= Pietro Contarini (died 1495) =

First page of Contarini's collection of elegies "to Gellia"

Pietro Contarini (died April 1495) was a Venetian patrician, administrator and humanist.

==Life==
Contarini was born around 1446 to Adorno Contarini and his second wife, Orsa Trevisan. He belonged to the Santi Apostoli branch of the Contarini family. His father having died, he was presented by his mother to the Avogadori di Comun on 27 November 1464 when he was eighteen. In 1468, he was an advocatus per omnes curias, one of the staff lawyers in the Doge's Palace.

Contarini's political career is difficult to reconstruct because of the existence of contemporaries of the same name. He may have been the podestà of Oderzo in 1470 and the provveditore of Peschiera del Garda in 1480. In 1483, he married Isabetta, daughter of Pietro Gradenigo. In 1487, he was one of the five savi of the Rialto. In 1489–1490, he was the castellan and provveditore of the castle of Koroni. On 30 October 1494, he was commissioned as the first Venetian governor of the Duchy of the Archipelago, based on Naxos. He was given 500 ducats a year for all his expenses, including his own salary. His commission was for two years. He died in office in April 1495.

==Works==
On 27 August 1479 in Santi Apostoli, Contarini delivered the eulogy at the funeral of Marco Cornaro, In funere Marci Cornelii oratio. It was printed that same year by Filippo Veneto.

Contarini wrote a collection of elegies in Latin elegiac couplets, Ad Gelliam elegiarum libri tres. In form, they are letters in praise of a girl named Gellia addressed to other patricians, including Benedetto Sanudo and Marcantonio Morosini. In one case, Contarini addresses Gentile Bellini, praising him for a portrait of Gellia. In practice, the elegies are probably a life's work based on his classical learning, especially of Tibullus, Catullus and Ovid. They are preserved in a single manuscript. The same manuscript contains a note from Paolo Ramusio praising Contarini's poetry. Ad Gelliam is the only Venetian example of the elegy form from the fifteenth century. It is still unpublished.

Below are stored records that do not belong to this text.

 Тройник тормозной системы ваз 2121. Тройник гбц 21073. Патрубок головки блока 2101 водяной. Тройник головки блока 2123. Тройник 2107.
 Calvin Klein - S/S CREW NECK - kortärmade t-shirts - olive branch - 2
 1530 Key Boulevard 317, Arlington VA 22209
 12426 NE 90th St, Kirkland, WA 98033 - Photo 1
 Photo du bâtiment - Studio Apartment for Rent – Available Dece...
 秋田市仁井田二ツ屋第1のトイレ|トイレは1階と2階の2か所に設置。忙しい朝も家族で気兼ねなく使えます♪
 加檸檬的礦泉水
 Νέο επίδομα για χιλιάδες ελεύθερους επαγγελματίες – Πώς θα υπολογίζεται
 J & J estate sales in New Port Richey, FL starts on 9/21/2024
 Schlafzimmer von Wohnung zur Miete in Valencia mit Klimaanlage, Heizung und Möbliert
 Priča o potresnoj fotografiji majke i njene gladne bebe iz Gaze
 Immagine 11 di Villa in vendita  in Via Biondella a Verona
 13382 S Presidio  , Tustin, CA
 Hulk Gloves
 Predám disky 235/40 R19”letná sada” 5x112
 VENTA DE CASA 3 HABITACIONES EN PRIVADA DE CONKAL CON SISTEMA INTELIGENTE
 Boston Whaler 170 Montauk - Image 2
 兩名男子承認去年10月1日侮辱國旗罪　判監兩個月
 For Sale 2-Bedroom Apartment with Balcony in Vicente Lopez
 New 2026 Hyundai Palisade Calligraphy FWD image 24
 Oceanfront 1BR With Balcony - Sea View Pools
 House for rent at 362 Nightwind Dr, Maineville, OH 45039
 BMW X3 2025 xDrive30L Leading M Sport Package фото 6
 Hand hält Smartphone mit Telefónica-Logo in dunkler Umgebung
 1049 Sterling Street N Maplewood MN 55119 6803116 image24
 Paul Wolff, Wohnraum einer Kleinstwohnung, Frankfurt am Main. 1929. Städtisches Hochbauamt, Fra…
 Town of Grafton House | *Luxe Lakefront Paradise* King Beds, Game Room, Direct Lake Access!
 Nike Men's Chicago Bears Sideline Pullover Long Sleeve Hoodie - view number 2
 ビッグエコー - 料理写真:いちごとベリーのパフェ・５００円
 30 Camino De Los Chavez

When Filippo Buonaccorsi visited Venice in 1486, he met Contarini. He recorded in De his quae a Venetis tentata sunt how, when Doeg Marco Barbarigo died (14 August 1486), some Ottoman ambassadors requested permission to attend the funeral. Contarini was assigned as one of their escorts in order to explain the ceremonies. Buonaccorsi notes that Contarini was "an accurate and prudent writer of the history of Venice." If he did write such a history, presumably in Latin, it does not survive. Possibly Buonaccorsi was referring only to Contarini's private notes. Marco Dandolo informed Buonaccorsi of Contarini's death in a letter.